Researchers Test Developer Biometrics To Predict Buggy Code
rjmarvin writes: Microsoft Research is testing a new method for predicting errors and bugs while developers write code: biometrics. By measuring a developer's eye movements, physical and mental characteristics as they code, the researchers tracked alertness and stress levels to predict the difficulty of a given task with respect to the coder's abilities. In a paper entitled "Using Psycho-Physiological Measures to Assess Task Difficulty in Software Development," the researchers summarized how they strapped an eye tracker, an electrodermal sensor and an EEG sensor to 15 developers as they programmed for various tasks.
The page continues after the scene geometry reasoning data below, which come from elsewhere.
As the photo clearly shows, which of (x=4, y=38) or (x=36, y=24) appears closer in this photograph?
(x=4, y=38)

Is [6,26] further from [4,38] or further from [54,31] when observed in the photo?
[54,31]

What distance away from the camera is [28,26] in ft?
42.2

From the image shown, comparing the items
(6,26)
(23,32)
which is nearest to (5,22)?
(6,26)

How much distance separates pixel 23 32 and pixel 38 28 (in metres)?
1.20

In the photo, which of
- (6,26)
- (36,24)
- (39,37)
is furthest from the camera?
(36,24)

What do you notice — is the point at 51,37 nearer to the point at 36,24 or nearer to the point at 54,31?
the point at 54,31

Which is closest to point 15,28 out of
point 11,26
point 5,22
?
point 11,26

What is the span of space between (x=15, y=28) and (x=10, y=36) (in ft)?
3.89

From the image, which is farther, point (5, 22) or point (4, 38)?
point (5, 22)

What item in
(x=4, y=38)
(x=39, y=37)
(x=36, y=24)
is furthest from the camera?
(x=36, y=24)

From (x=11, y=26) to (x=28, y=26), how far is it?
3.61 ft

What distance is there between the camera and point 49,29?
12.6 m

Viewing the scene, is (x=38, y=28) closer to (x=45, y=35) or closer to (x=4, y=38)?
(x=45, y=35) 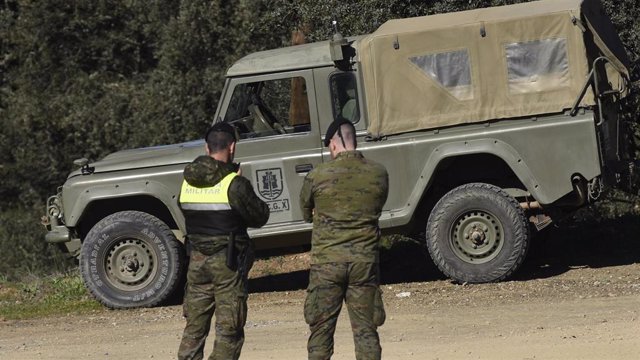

Biometrics predicted task difficulty for a new developer 64.99% of the time. For a subsequent tasks with the same developer, the researchers found biometrics to be 84.38% accurate. They suggest using the information to mark places in code that developers find particularly difficult, and then reviewing or refactoring those sections later.
Every time I hear about a terrifyingly invasive means of "improving performance" its targeted at developers. Is it just selection bias, or does the world actually hate us?
the researchers summarized how they strapped an eye tracker, an electrodermal sensor and an EEG sensor
I'm sure being hooked up to something similar to a polygraph doesn't make a developer more stressful at all. Was the fact that they had all this equiptment hooked up to them a factor in their statistics?
I'm writing a networking multithreaded program in ASM that need to use very little memory, hence complicated registry magic and blatant violation of calling conventions.
The sensors are going to freak the fuck out.
Now my boss is going to be watching the developer's eye movements instead of testing code... This will not end well.
There is no magic bullet and where this might find the sections of code that your developer finds difficult to understand, it still isn't going to give you any idea about the quality of the code they produce. All you will know is how hard they concentrated when producing it.
I remember when we watched SLOC, but it was of marginal value. Then it was logical edges and complexity which was sometimes useful, but not always. Now they want to use biometrics to figure out how complex I find my code? It won't be any more helpful than complexity was.
Keeping code understandable and bug free has always been about naming identifiers, formatting, comments and using standard patterns and TESTING it as much as possible. All these golden bullets will only end up in your foot if you choose to use them....
"File to fit, pound to insert, paint to match" - Aircraft Maintenance 101
How about instead of spending a small fortune solving the handful of bugs caused by programmer typos, you spend that money on better requirements gathering, keeping specifications from changing constantly, and giving programmers time to actually unit-test and document their code?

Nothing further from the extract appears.